Common Problems With Coconut Palms

Like many other palm species, coconut palms are susceptible to certain issues if they’re not in optimal growing conditions. Many of these issues will present themselves in foliage that isn't uniformly green and vibrant.

Browning Tips

You might notice your coconut palm fronds are browning at the tips. This is often a result of low humidity. Consider purchasing a humidifier for the room where your coconut palm resides, and regularly mist the fronds with warm water.

Leaves Turning Brown

Brown leaves can indicate several problems, including overwatering, underwatering, too much fertilizer, or cold temperatures. Evaluate your indoor climate, making sure your palm isn't by any drafts from an air-conditioning vent or window/door.
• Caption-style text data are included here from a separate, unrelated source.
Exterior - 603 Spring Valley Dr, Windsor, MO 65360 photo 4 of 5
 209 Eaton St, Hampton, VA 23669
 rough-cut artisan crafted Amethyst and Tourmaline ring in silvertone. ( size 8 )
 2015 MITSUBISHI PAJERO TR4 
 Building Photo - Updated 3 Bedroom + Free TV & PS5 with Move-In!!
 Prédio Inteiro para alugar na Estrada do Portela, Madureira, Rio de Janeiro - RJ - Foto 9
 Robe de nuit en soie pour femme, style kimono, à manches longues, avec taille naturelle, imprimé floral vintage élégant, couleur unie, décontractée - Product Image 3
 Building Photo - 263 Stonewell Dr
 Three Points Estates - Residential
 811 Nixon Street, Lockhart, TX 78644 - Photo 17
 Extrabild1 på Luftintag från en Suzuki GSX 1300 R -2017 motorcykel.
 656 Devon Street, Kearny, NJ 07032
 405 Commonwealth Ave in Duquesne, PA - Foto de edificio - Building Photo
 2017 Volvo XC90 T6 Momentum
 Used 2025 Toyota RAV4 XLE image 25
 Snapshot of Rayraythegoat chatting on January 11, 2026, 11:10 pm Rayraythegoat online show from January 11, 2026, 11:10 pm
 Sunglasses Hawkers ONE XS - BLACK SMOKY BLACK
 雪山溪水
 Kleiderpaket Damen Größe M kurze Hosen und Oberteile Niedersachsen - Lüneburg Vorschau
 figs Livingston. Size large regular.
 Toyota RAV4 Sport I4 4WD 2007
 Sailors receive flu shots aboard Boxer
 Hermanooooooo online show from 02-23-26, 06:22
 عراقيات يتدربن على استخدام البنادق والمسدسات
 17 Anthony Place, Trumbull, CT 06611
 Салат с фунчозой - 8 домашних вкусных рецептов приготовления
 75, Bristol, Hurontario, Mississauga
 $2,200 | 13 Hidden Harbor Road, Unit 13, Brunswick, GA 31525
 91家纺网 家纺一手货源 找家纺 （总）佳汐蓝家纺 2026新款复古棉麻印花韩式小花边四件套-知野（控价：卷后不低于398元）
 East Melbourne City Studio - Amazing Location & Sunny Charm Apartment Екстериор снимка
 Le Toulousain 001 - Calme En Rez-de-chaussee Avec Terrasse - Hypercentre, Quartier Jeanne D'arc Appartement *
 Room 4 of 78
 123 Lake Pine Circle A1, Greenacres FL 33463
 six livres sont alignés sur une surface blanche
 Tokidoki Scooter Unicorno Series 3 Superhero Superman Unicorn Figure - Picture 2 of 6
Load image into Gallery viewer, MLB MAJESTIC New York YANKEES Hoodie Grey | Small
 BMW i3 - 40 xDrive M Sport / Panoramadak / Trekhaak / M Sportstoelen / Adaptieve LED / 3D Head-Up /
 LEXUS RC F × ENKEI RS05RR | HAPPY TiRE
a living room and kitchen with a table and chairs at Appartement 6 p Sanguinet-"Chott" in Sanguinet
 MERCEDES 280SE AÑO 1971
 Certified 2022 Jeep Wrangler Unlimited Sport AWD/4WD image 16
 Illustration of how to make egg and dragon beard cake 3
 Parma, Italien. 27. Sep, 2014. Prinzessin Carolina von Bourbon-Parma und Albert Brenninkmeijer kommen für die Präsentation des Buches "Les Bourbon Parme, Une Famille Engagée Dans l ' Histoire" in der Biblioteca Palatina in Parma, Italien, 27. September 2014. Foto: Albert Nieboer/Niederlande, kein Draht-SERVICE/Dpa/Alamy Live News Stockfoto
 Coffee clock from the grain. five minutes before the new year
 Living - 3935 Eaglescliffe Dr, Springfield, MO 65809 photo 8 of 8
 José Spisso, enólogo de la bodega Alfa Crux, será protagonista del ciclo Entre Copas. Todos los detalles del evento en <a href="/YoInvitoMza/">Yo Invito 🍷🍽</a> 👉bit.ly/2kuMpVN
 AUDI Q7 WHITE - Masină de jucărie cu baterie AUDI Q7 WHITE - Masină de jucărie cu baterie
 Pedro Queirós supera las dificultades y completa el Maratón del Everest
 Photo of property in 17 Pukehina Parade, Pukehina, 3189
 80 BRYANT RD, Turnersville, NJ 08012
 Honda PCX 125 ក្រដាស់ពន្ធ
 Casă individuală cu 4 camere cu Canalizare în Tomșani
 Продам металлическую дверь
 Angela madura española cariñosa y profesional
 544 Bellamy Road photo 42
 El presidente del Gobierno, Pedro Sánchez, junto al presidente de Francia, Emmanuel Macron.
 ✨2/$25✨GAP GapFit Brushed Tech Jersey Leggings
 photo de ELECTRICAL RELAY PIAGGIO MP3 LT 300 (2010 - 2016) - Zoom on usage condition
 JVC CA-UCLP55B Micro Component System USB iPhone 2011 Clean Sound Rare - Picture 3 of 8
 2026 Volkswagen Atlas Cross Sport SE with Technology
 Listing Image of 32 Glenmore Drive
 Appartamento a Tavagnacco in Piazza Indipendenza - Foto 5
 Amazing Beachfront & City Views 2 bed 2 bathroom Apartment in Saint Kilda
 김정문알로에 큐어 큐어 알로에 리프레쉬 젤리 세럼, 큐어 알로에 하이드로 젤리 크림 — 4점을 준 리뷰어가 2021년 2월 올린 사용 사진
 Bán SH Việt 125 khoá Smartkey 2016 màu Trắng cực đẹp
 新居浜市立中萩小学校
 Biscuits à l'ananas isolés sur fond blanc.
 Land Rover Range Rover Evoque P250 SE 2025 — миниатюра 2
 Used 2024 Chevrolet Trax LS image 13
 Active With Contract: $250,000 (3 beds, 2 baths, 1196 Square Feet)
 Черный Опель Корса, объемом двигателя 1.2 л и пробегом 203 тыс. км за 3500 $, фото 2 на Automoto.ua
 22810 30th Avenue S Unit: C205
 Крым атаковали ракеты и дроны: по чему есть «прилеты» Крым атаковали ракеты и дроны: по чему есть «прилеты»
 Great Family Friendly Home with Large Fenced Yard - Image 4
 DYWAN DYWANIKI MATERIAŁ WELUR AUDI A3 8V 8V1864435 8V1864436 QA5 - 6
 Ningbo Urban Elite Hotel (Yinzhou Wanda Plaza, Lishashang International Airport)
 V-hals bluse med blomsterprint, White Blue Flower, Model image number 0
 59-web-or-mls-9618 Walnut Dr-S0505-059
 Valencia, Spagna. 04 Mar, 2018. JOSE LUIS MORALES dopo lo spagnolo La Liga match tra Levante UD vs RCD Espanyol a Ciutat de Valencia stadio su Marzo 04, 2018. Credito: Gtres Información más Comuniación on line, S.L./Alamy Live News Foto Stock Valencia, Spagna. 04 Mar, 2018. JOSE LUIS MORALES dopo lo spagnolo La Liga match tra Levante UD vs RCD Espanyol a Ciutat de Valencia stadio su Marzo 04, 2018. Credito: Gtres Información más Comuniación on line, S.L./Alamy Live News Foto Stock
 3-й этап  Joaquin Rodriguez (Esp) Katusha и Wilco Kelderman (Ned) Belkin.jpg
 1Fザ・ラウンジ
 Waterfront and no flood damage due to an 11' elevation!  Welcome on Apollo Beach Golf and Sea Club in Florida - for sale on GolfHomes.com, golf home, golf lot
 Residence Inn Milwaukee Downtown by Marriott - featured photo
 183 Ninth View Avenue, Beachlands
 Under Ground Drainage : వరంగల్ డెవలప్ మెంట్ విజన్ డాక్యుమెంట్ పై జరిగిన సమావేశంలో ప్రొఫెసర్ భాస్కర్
Also, adjust your watering or fertilizing schedule if necessary.

  • Are coconut palms easy to care for?

    Coconut palms are fairly easy to care for in their natural environment, but their growing needs are difficult to meet indoors.

  • How fast do coconut palms grow?

    A coconut palm tree grown indoors can reach 5 feet tall in around five years.

  • How long can a coconut palm live?

    Indoors, coconut palms typically only live for five to six years.

  • What's the difference between a coconut palm and an areca palm?

    Both plants are palm trees, but areca palms are much more common (and easier to grow) as a houseplant. Areca palms have more fronds and a fuller, bushier appearance than coconut palms.